-- DATA RECORDS follows --

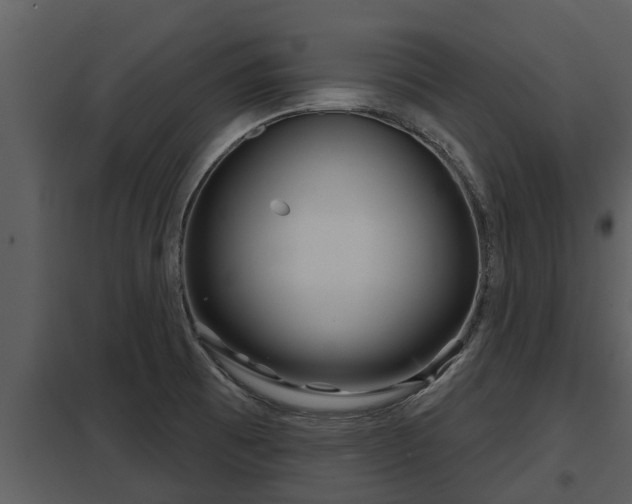 X0000097951473200804011623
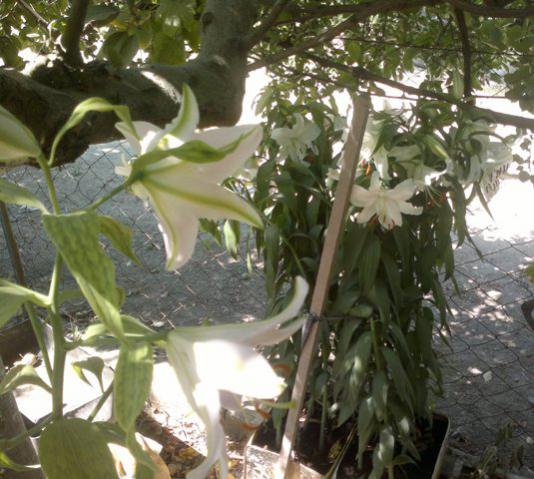 Name:  ABCD0004.jpg
Views: 1315
Size:  50.7 KB
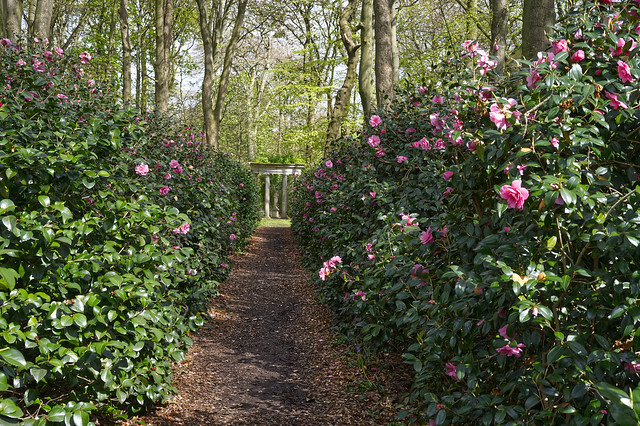 Camellia avenue at Renishaw Hall Gardens , North East Derbyshire , England , UK .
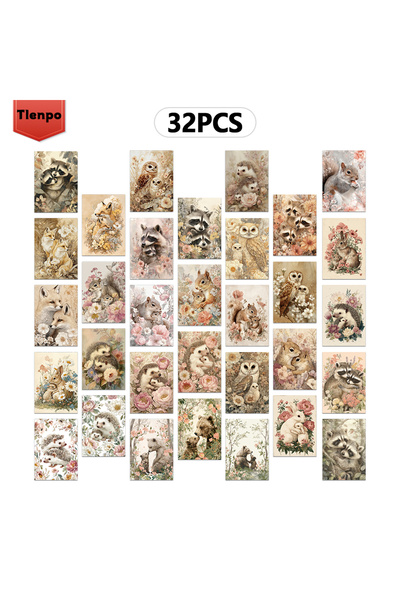 Choice مجموعة بطاقات بريدية متنوعة الألوان (32 قطعة) - مجموعة بطاقات بريدية ل...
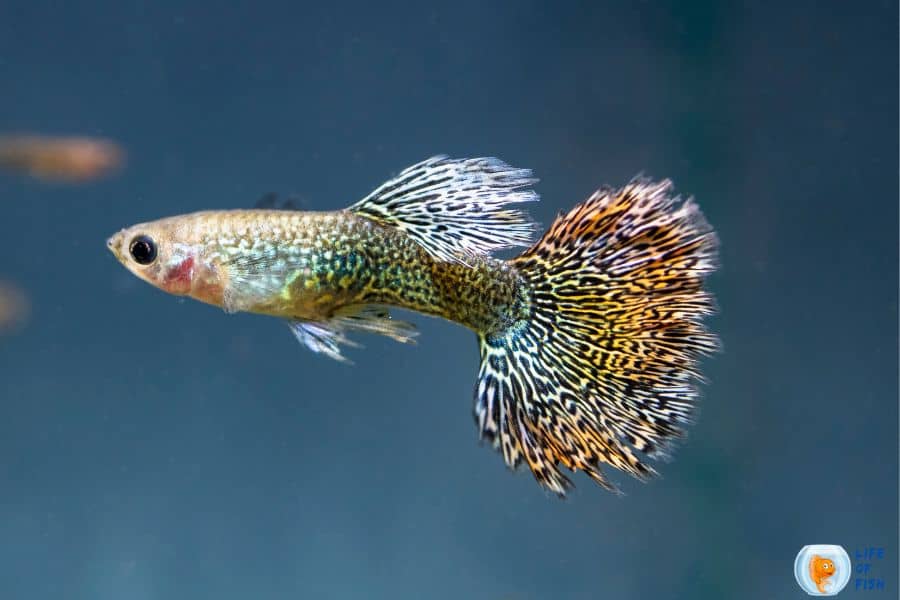 Can Male Guppies Live Together in The Same Tank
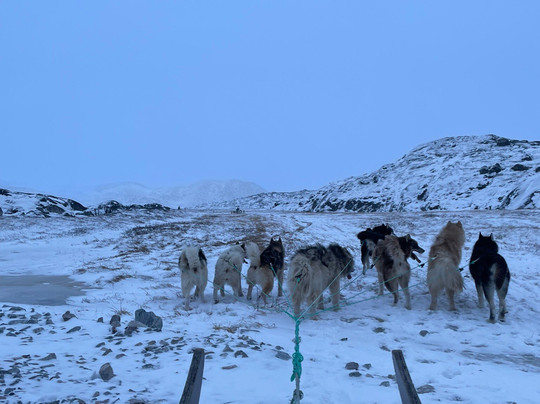 Diskobay Tours-伊卢利萨特必去景点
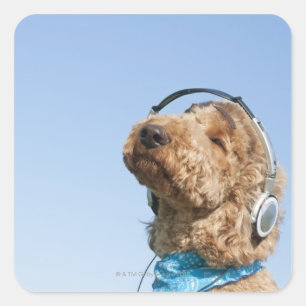 Standard Poodle Square Sticker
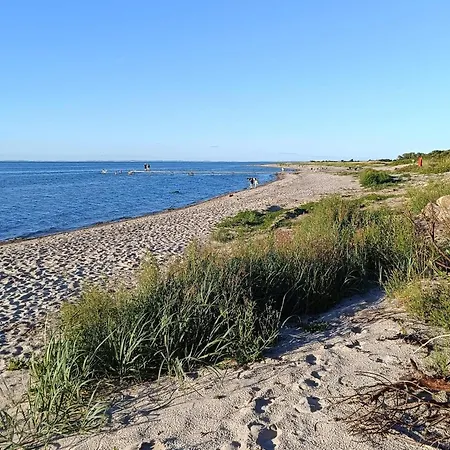 Stylish House - By Traum Nordborg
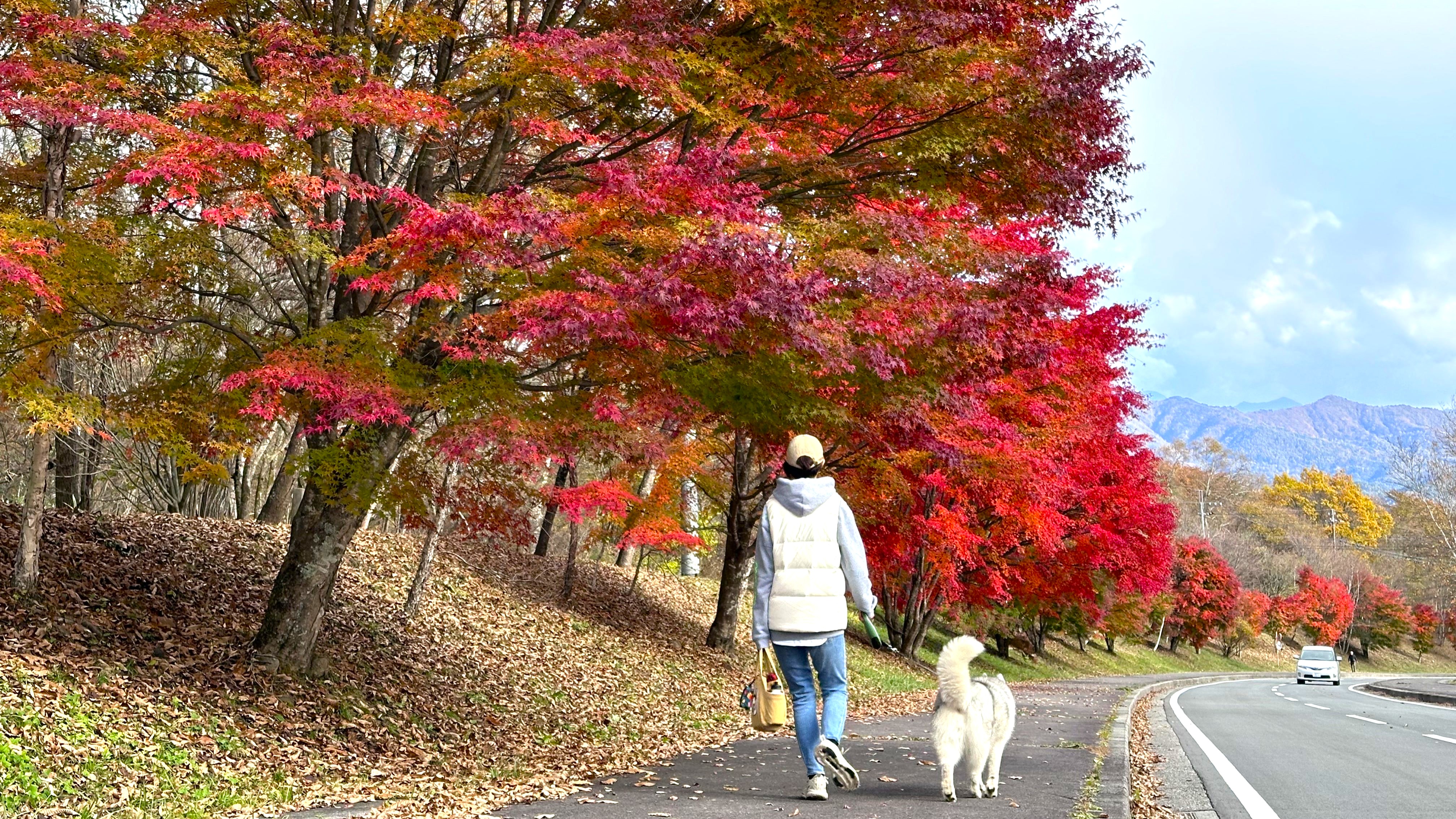 秋のポールラッシュ通り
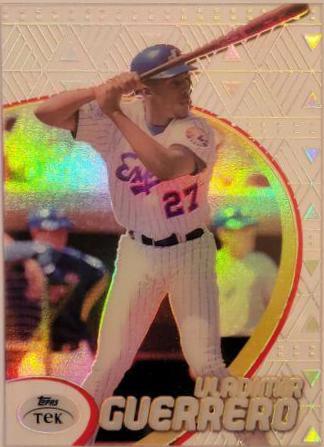 Vladimir Guerrero [Pattern 69] #17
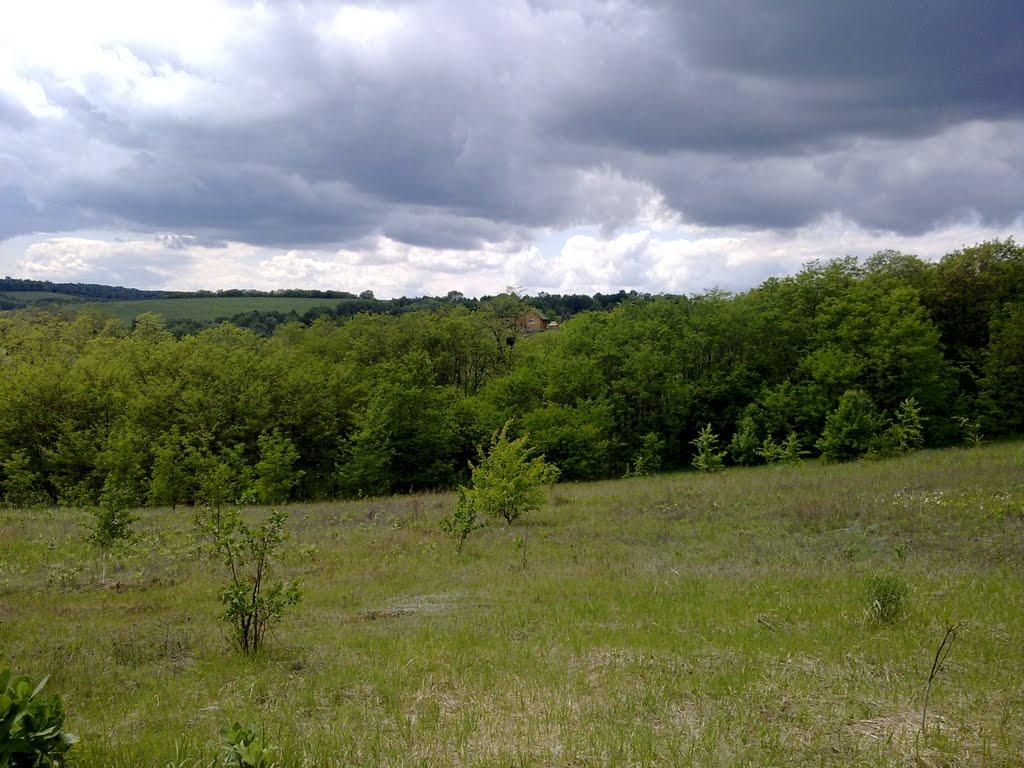 Балико-Щучинка з panoramio.com - Балыко-Щучинка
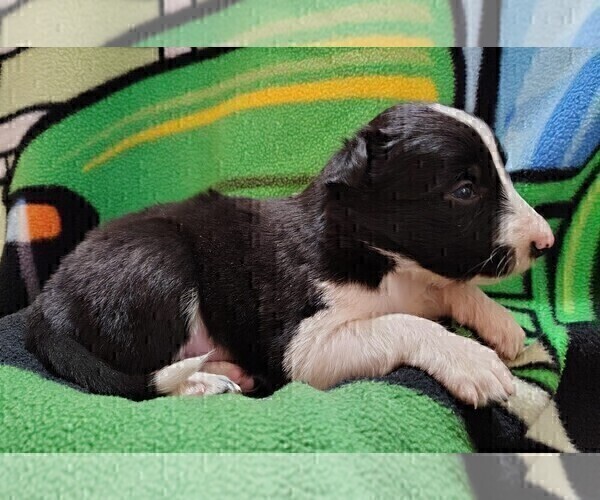Medium Photo #28 Border Collie Puppy For Sale in NORBORNE, MO, USA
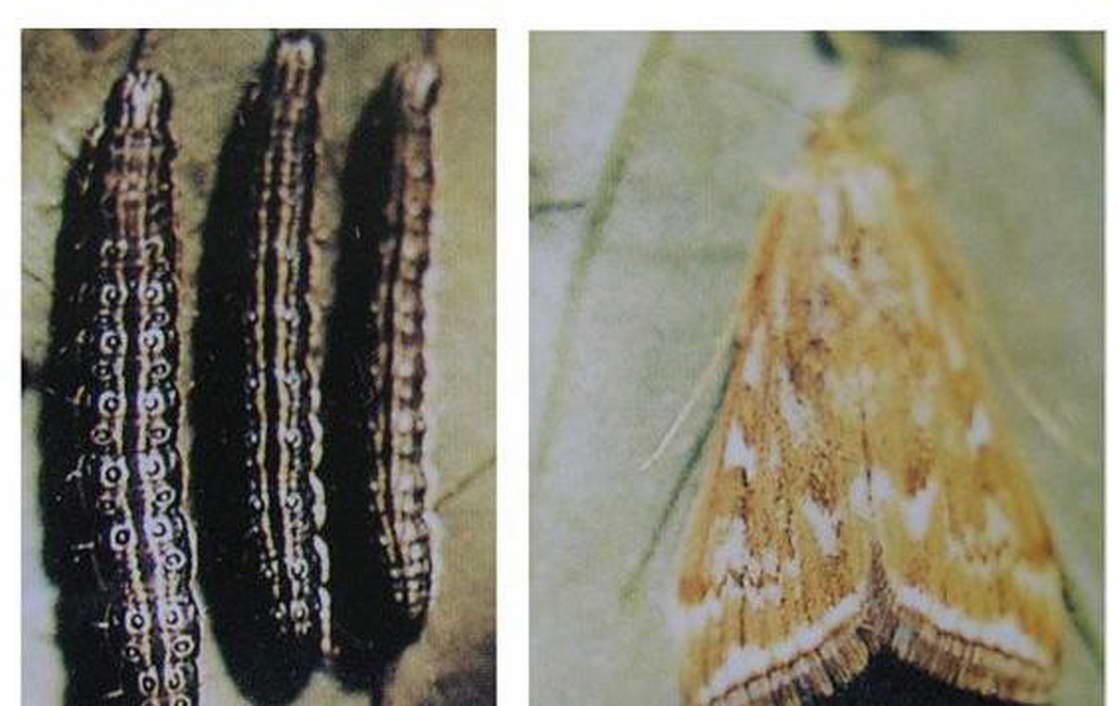  p>双尾褐凤蝶(学名: i>bhutanitis mansfieldi /i>) a href="#" data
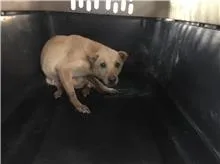 混種犬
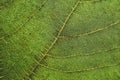 Macro view of green leaf texture and background. Royalty Free Stock Photo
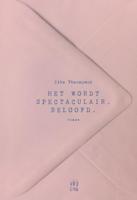 Het wordt spectaculair. Beloofd - Zita Theunynck - ebook - thumbnail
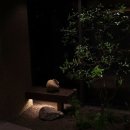 명란황태찜 | 인천 송도 한우 오마카세 맛집 묘우 후기(기념일에 딱 좋은 프리미엄 코스)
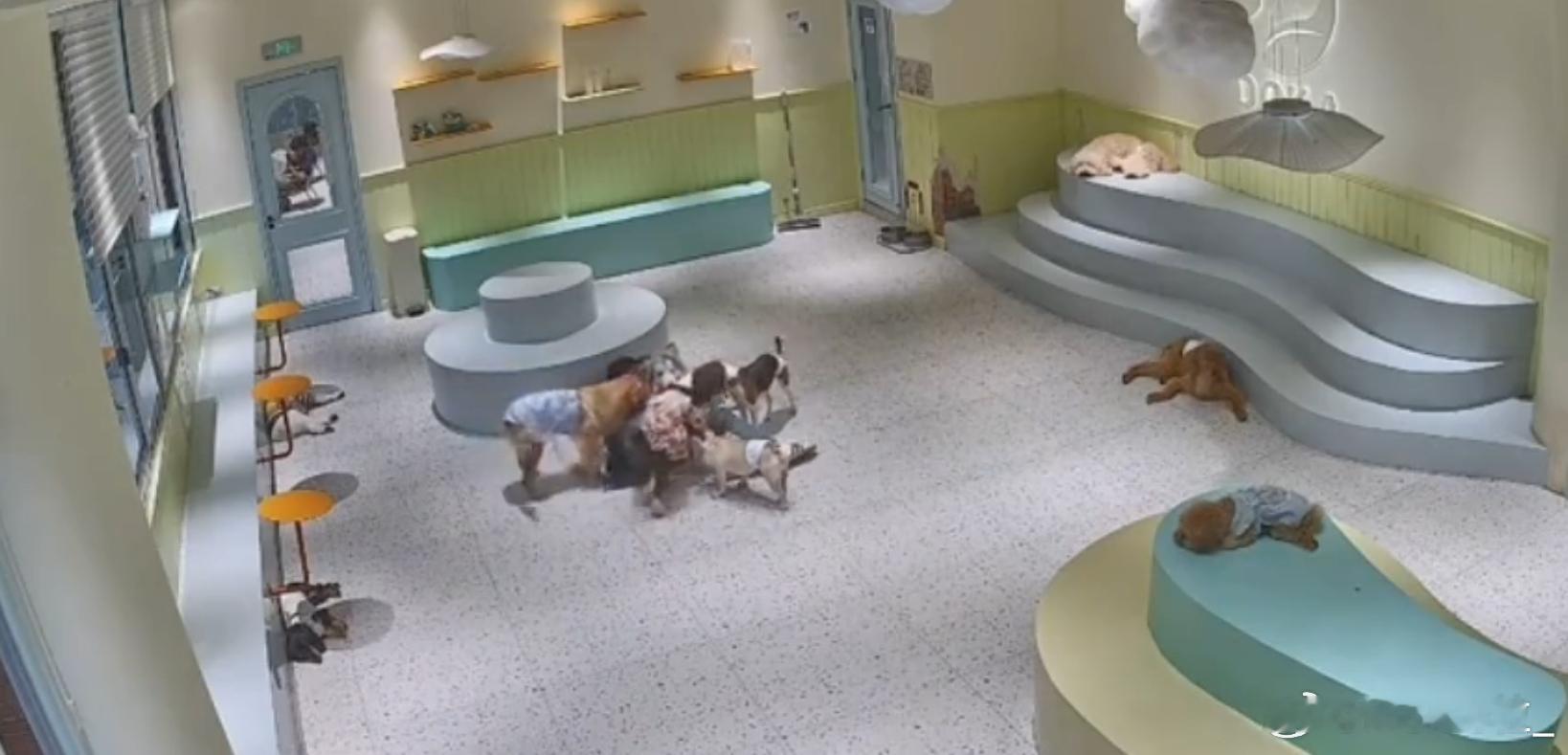 当狗咖最后一个顾客走后 小狗也营业了一整天很辛苦，可是它们依然能继续给人类提供情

-- DATA RECORDS concluded --

> WORK INSTRUCTIONS
Give the entries above again, exactly as written and free of images.

> EXERCISE RESPONSE
 X0000097951473200804011623
 Name:  ABCD0004.jpg
Views: 1315
Size:  50.7 KB
 Camellia avenue at Renishaw Hall Gardens , North East Derbyshire , England , UK .
 Choice مجموعة بطاقات بريدية متنوعة الألوان (32 قطعة) - مجموعة بطاقات بريدية ل...
 Can Male Guppies Live Together in The Same Tank
 Diskobay Tours-伊卢利萨特必去景点
 Standard Poodle Square Sticker
 Stylish House - By Traum Nordborg
 秋のポールラッシュ通り
 Vladimir Guerrero [Pattern 69] #17
 Балико-Щучинка з panoramio.com - Балыко-Щучинка
Medium Photo #28 Border Collie Puppy For Sale in NORBORNE, MO, USA
  p>双尾褐凤蝶(学名: i>bhutanitis mansfieldi /i>) a href="#" data
 混種犬
 Macro view of green leaf texture and background. Royalty Free Stock Photo
 Het wordt spectaculair. Beloofd - Zita Theunynck - ebook - thumbnail
 명란황태찜 | 인천 송도 한우 오마카세 맛집 묘우 후기(기념일에 딱 좋은 프리미엄 코스)
 当狗咖最后一个顾客走后 小狗也营业了一整天很辛苦，可是它们依然能继续给人类提供情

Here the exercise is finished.